Bursa soars on govt plan to cut CPO export tax


KUALA LUMPUR: BURSA Malaysia surged to an all-time high yesterday, fuelled by fund buying of heavyweight Sime Darby Bhd and other plantation stocks after the government announced plans to cut export tax of crude palm oil (CPO) by more than half.

The benchmark FTSE Bursa Malaysia KLCI (FBM KLCI) advanced 11.72 points to a record high of 1,661.47.

The index moved between the 1,649.66 and 1,662.14 levels throughout the day, dealers said, adding that the solid showing was in line with steadier regional markets.

CPO prices had been on the downtrend in the last six months but in the last three weeks, it suddenly plunged. 

Three days ago, palm oil suffered its biggest loss in nearly three years.

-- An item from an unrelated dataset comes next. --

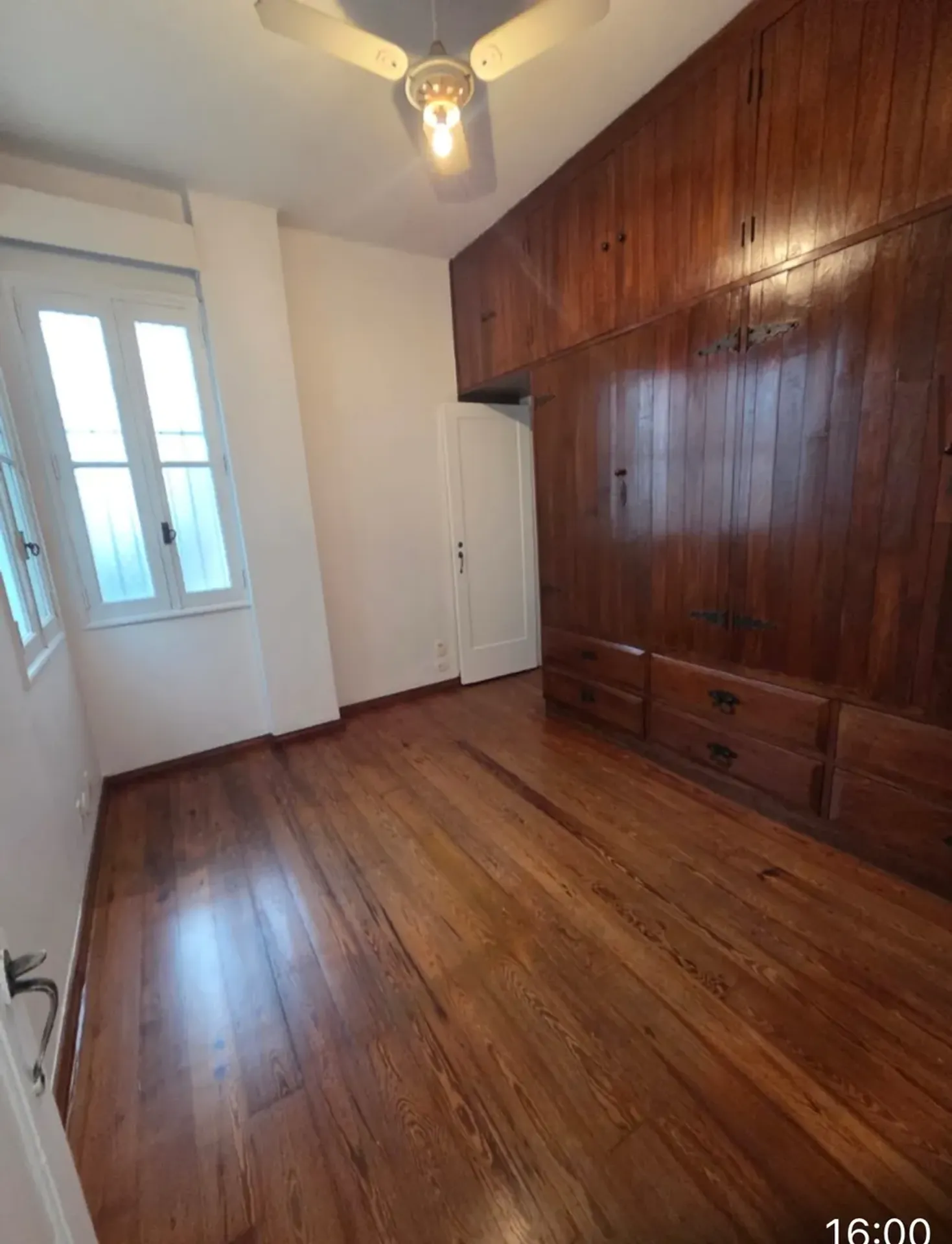 100 m² apartment with 3 bedrooms and a separate kitchen — photo 4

It tumbled 9 per cent to RM2,255 per tonne – its steepest daily drop since the 2008 financial crisis.

But since news reports of possible lowering of CPO tax surfaced two days ago, palm oil prices had started to climb a little.

Yesterday, the third-month benchmark crude palm oil futures traded RM1 higher to close at RM2,352 per tonne. Volume totalled 16,317 lots, higher than the usual 12,500 as some traders took up positions ahead of positive news from the government.

Over at the equities market, plantation stocks like Sime Darby, Kuala Lumpur Kepong Bhd and United Plantations Bhd were among top 10 gainers yesterday.

When met at the opening of the Malaysian Timber Council Global Woodmart here yesterday, Plantation Industries and Commodities Minister Tan Sri Bernard Dompok said he prefers the proposal to take effect as soon as possible but it is for the Cabinet to decide. 

"We want to reduce stockpiles. The lowering of the CPO tax, if approved by the Cabinet, will help boost CPO exports. Hopefully, this will help stabilise falling prices," he said.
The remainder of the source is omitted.